Repeat the stretch of entries below from the line with "IHC-plus™ Monoclonal Mouse" through the line with "Skin Cancer Treatment Patient 57". Include both ends and add nothing.
[Start of Attachment]
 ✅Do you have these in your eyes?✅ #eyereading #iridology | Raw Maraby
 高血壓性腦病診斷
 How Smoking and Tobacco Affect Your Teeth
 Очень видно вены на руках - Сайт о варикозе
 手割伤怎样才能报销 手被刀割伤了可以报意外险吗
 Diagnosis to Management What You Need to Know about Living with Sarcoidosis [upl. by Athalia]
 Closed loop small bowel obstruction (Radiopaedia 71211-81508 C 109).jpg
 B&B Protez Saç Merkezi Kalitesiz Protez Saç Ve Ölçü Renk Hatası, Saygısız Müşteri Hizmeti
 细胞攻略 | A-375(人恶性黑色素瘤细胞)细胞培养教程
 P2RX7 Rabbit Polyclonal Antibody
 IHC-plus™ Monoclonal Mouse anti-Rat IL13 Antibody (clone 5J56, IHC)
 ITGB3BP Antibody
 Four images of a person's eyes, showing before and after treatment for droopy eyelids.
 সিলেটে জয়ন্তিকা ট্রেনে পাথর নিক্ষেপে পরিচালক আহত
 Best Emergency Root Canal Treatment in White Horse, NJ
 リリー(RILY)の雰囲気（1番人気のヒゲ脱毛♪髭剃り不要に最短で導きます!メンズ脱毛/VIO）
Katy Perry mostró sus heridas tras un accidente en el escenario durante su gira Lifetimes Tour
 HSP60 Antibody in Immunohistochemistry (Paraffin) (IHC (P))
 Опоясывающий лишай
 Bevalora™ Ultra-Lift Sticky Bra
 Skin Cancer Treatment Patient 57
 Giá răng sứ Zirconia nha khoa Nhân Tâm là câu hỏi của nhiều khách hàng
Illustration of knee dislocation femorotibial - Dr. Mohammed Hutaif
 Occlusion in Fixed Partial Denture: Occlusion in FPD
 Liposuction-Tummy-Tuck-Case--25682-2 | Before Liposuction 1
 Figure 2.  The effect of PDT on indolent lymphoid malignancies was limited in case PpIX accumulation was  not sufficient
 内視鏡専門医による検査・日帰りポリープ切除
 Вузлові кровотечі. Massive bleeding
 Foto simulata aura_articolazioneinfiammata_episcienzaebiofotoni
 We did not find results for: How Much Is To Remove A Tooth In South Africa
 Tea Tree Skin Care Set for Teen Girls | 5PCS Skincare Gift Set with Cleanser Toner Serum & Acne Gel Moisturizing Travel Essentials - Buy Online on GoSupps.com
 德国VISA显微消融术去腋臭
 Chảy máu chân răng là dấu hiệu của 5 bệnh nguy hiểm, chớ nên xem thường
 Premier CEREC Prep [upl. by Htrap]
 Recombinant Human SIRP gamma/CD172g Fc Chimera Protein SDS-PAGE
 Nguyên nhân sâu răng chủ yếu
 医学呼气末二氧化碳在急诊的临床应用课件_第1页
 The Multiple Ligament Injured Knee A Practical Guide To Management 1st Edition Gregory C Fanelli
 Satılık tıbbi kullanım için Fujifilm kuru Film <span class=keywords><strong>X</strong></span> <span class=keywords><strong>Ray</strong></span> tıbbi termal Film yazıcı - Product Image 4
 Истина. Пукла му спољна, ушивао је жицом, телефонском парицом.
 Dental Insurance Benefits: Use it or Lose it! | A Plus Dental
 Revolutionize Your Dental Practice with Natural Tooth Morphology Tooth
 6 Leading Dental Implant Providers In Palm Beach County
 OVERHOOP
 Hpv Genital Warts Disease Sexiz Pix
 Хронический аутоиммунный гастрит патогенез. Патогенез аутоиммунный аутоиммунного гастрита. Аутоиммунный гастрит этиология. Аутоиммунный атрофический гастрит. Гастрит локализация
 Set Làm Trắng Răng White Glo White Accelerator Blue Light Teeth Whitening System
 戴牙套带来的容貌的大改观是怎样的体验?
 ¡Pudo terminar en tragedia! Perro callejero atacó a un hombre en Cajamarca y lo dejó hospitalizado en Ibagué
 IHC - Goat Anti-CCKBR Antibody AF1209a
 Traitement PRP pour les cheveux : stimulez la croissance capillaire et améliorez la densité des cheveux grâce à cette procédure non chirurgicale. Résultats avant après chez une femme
[End of Attachment]
Response for this exercise:
 IHC-plus™ Monoclonal Mouse anti-Rat IL13 Antibody (clone 5J56, IHC)
 ITGB3BP Antibody
 Four images of a person's eyes, showing before and after treatment for droopy eyelids.
 সিলেটে জয়ন্তিকা ট্রেনে পাথর নিক্ষেপে পরিচালক আহত
 Best Emergency Root Canal Treatment in White Horse, NJ
 リリー(RILY)の雰囲気（1番人気のヒゲ脱毛♪髭剃り不要に最短で導きます!メンズ脱毛/VIO）
Katy Perry mostró sus heridas tras un accidente en el escenario durante su gira Lifetimes Tour
 HSP60 Antibody in Immunohistochemistry (Paraffin) (IHC (P))
 Опоясывающий лишай
 Bevalora™ Ultra-Lift Sticky Bra
 Skin Cancer Treatment Patient 57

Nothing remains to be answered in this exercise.